Hi everyone,
I am a dummy in C programming. I have a problem with copying the array of 64 elements of unsigned char to array of 8 element of uint64_t. For example:
unsigned char p[64]
uint64_t Data[8];
memcpy (&Data, &p, 64);
I am not sure if it is right. Please help me. Thanks a lot.
Moreover, do both p and Data have 64 bytes?
memcpy(Data, p, sizeof(Data) > sizeof(p) ? sizeof(p) : sizeof(Data));
Arrays are implicitly converted to pointers to their first element when passing them to functions.
And avoid "urgent" text in titles next time. Post your problem in time instead.
Also, sizeof(Data) > sizeof(p) ? sizeof(p) : sizeof(Data) is a shorthand notification for an if statement. It will return whichever of sizeof(Data) and sizeof(p) that is smaller, to avoid buffer overruns.
Originally Posted by Adak
A char is a byte in C per definition (but it does not need to have 8 bits). uint64_t is exactly 64 bits on platforms where such a type can be implemented. Because of that, your solution is not portable. For example, a char could have 16 bits which would mean that a byte on that system also has 16 bits. That means 64 bytes is actually 16 * 64 bits which is more than the Data array can contain.
&Data is the address of the array, and you should be using either Data or &Data[0] if you want a pointer to the first element. The memory address is the same, but the types are not.

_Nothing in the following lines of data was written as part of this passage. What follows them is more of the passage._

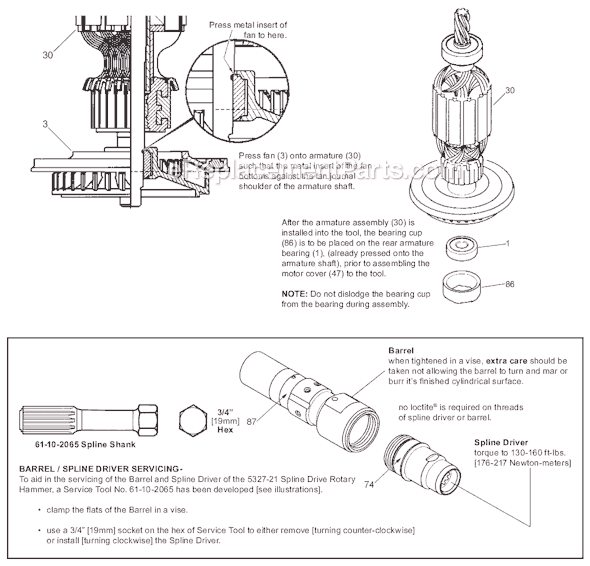 Page C Diagram and Parts List for 5327-21 SER A24B Milwaukee Demolition Hammer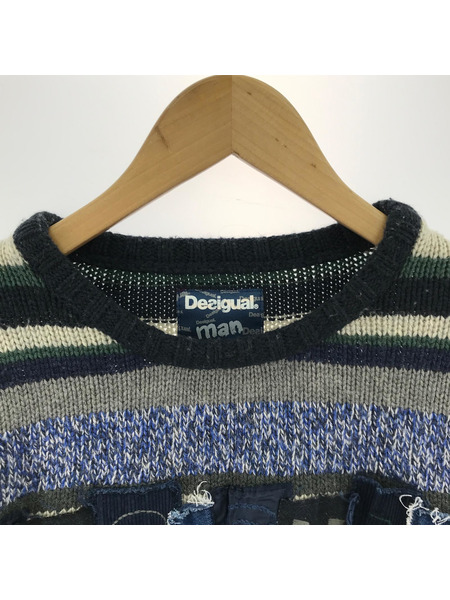Desigual ニット・セーター ボーダーロゴニット M
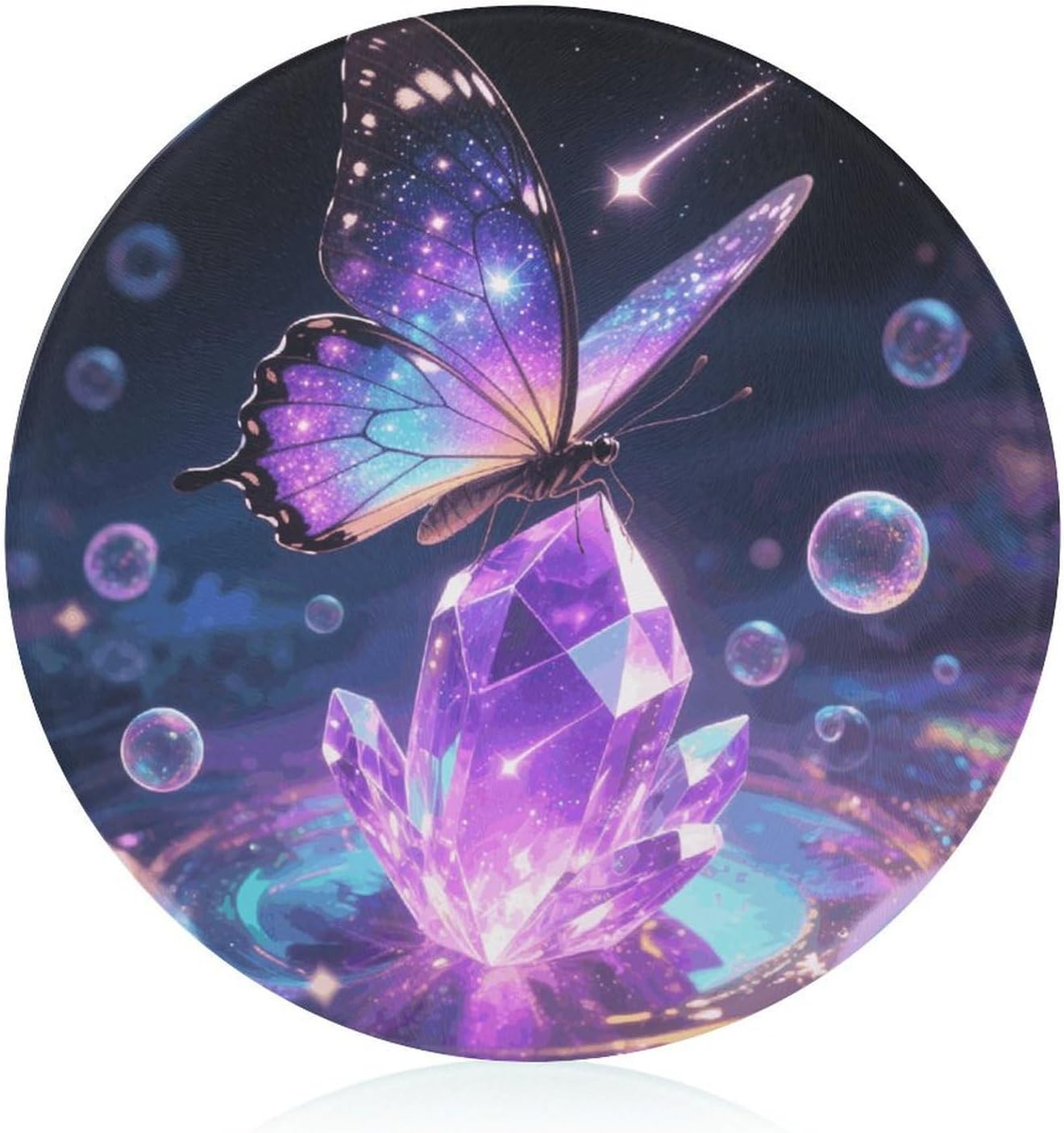 Magical Butterflies Tempered Glass Cutting Board Sturdy Chopping Block Personalized Large Butcher Block Lightweight Round Chopping Mat for Kitchen Non Slip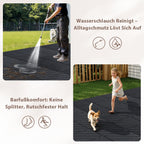 Polypropylen-Terrassenfliesen im Puzzle-Design, 30 x 30 cm, anthrazitgrau/rotbraun, aus Kunststoff | Witterungsbeständig, rutschfest, einfach zu verlegen, geeignet für Terrassen, Balkone und Gärten, leicht zu reinigen, Kunststoffboden, 1–5 Quadratmeter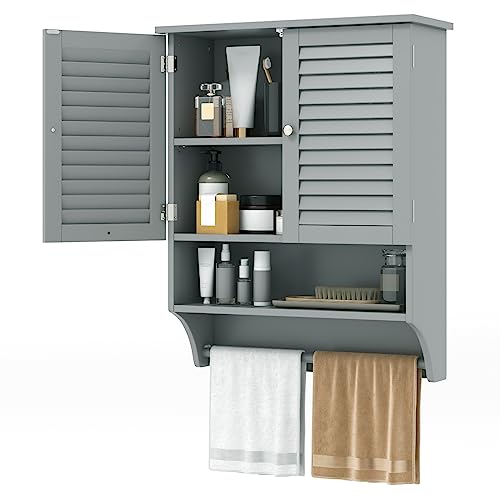 Tangkula Wall Mounted Bathroom Cabinet with Open Shelf & Bar, Medicine Cabinet with Double Louvered Doors, Wall Storage Cabinet with Adjustable Shelf, for Bathroom Living Room Kitchen (Grey) - color: Grey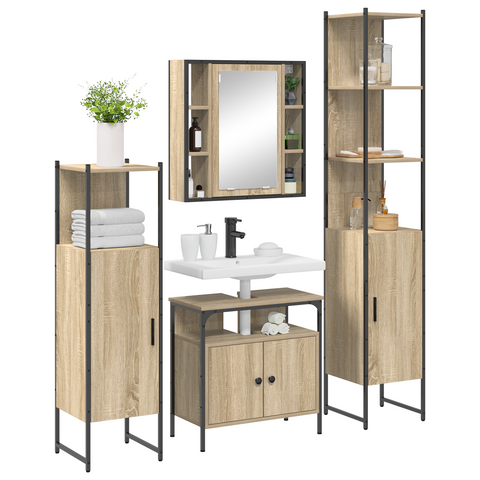 vidaXL Bathroom Furniture Set with Shelf Wall-mounted Other with Storage with Door with Mirror 4 pcs Sonoma oak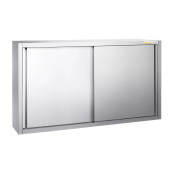 Placard mural inox 1600 x 400 mm / Hauteur 1000 mm avec portes coulissantes PREMIUM / GOLDINOX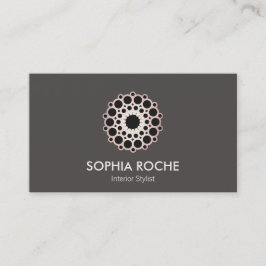 Chic Rose Gold Circle Mandala Taupe Designer Visitenkarte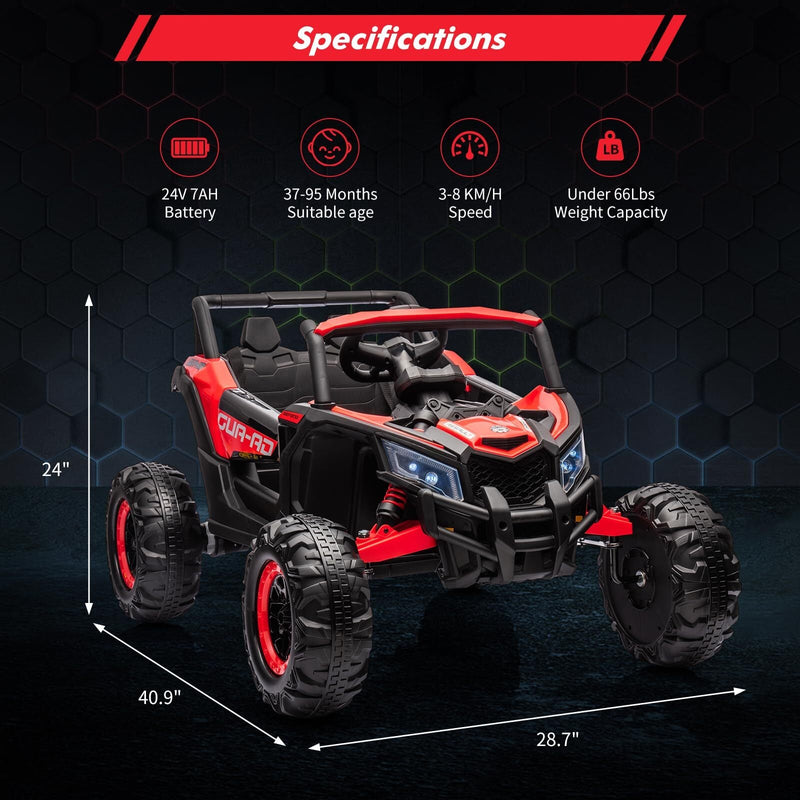 24V Battery-Powered Electric Off-Road UTV Ride-On Car with Remote Control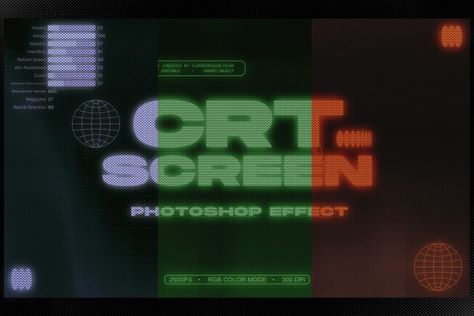 CRT Screen l Monitor Text Effects :: Behance Crt Monitor, Graphic Design Assets, Retro Aesthetic, Text Effects, Design Assets, Design Illustration, A World, Cyberpunk, Photoshop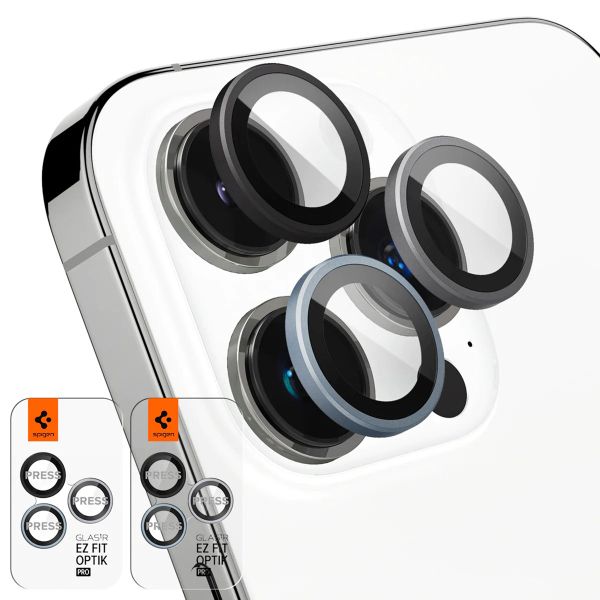 Spigen Optik Pro EZ Fit Lens Protector - Protection d'objectif de caméra (lot de 2) Apple iPhone 16 Pro (Max) / 15 Pro (Max) - Zero One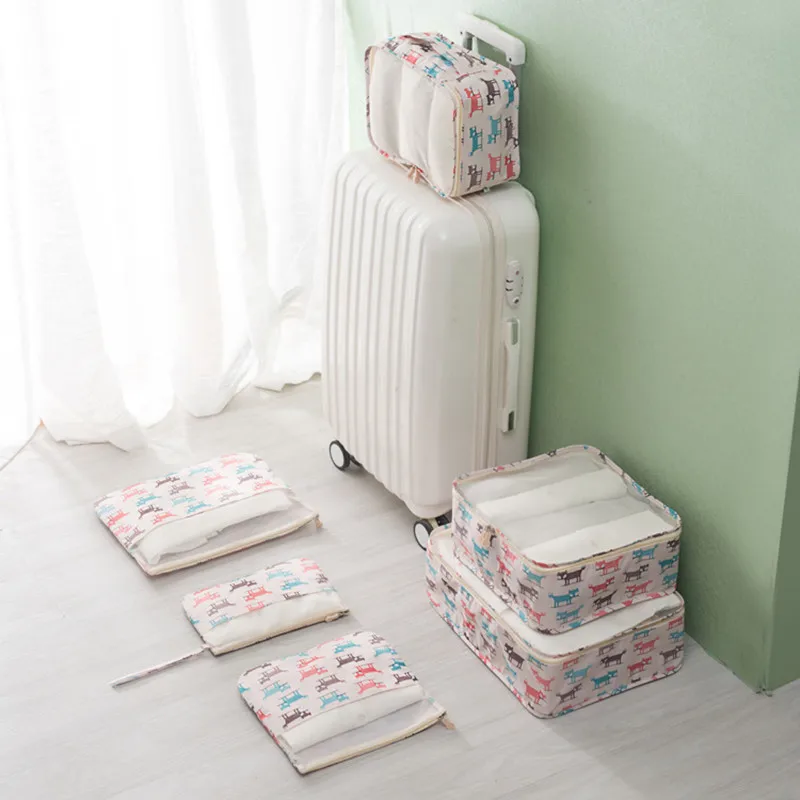 Фото LHLYSGS brand printing Waterproofing 6pcs/set Travel clothes shoes Packing bag finishing cube traveling luggage Organizer | Багаж и сумки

Another problem is that you need to know the byte order if you want to do anything meaningful with the uint64_t variable once you've copied the chars into it.
Thank you so much. One more question is how to convert an uint64_t n to an unint64_t array of 8 elements. I tried it with memcpy:
unint64_t Data[8];
memcpy(&Data[0], &n, sizeof(Data))
And then, I tried to print the Data array
if n is 0, it is ok, it printed 00000000
but if n is 1, it is 11111111. It should be 00000001.
Any suggestion? Thank you.
Last edited by lovesunset21; 10-17-2010 at 03:44 PM.
Define "convert" in this context.
Also, I think you fail to understand how memcpy works. The third parameter tells the function how many bytes to copy from source to dest. If source is not 8 * 8 bytes, then I wonder what will happen?
Last edited by Elysia; 10-17-2010 at 03:31 PM.
The problem is that memcpy will try to copy sizeof(...) bytes from src into dest. Clearly the seg fault is because you can't copy after the 4th byte (I am assuming 32-bit ints here) from n, so when memcpy tries to address the 5th byte you overstep your bounds and seg fault.
Try
Also, if you are getting "segmentation fault" rather than "access violation" that leads me to think you're not on Windows, meaning you have man pages. You can learn a lot a lot alot from man pages. TryCode:memcpy(&Data[0], &n, sizeof(int));
Type q to quit. Scroll with the arrow keys.Code:man memcpy
Last edited by QuadraticFighte; 10-17-2010 at 03:35 PM.
> One more question is how to convert an integer n to an unint64_t array of 8 elements.
That doesn't make any sense, and you still have the same problems with portability as I described above. Either way, copying sizeof(Data) number of bytes from the address &n, where n is an integer, will result in you reading in additional garbage and possible trying to access memory you don't have access to (hence the segfault). Think about how many bytes an integer is and how many bytes you're trying to copy when you specify sizeof(Data) as the number of bytes to copy.
Thank you so much for your quick replies.
I need to copy an integer n (or maybe an uint64_t) to an uint64_t array of 8 elements.
For example, if n is 0, the array will be 0 0 0 0 0 0 0 0
if n is 1 then, it will be 0 0 0 0 0 0 0 00000001.
I tried memcpy, but it seems impossible. Can you give me a hint. Thank you so much.
You mean that the last index in the array shall hold the value of the integer and the rest be 0?
Yes, that 's right. And it will increase depend on n. Any idea? Thanks.
Actually, I have to encrypt a counter with three fish algorithm. Therefore, I need to convert it into the array of uint64_t.
memset(your_array, 0), sizeof(your_array) - sizeof(your_array[0]));
your_array[sizeof(your_array) - sizeof(your_array[0])] = n;
You could also use a loop to set index 0...n-1 to 0, and then assign your integer to n.